BEGIN Dataset extract

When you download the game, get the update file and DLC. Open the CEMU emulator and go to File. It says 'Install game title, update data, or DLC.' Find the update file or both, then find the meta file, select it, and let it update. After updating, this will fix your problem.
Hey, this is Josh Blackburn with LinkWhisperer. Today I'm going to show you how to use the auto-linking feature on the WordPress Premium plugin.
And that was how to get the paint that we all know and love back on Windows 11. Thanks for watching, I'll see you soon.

END Dataset extract

Exercise brief:
Look above for every line with the word "this" and copy it.

Task output:
When you download the game, get the update file and DLC. Open the CEMU emulator and go to File. It says 'Install game title, update data, or DLC.' Find the update file or both, then find the meta file, select it, and let it update. After updating, this will fix your problem.
Hey, this is Josh Blackburn with LinkWhisperer. Today I'm going to show you how to use the auto-linking feature on the WordPress Premium plugin.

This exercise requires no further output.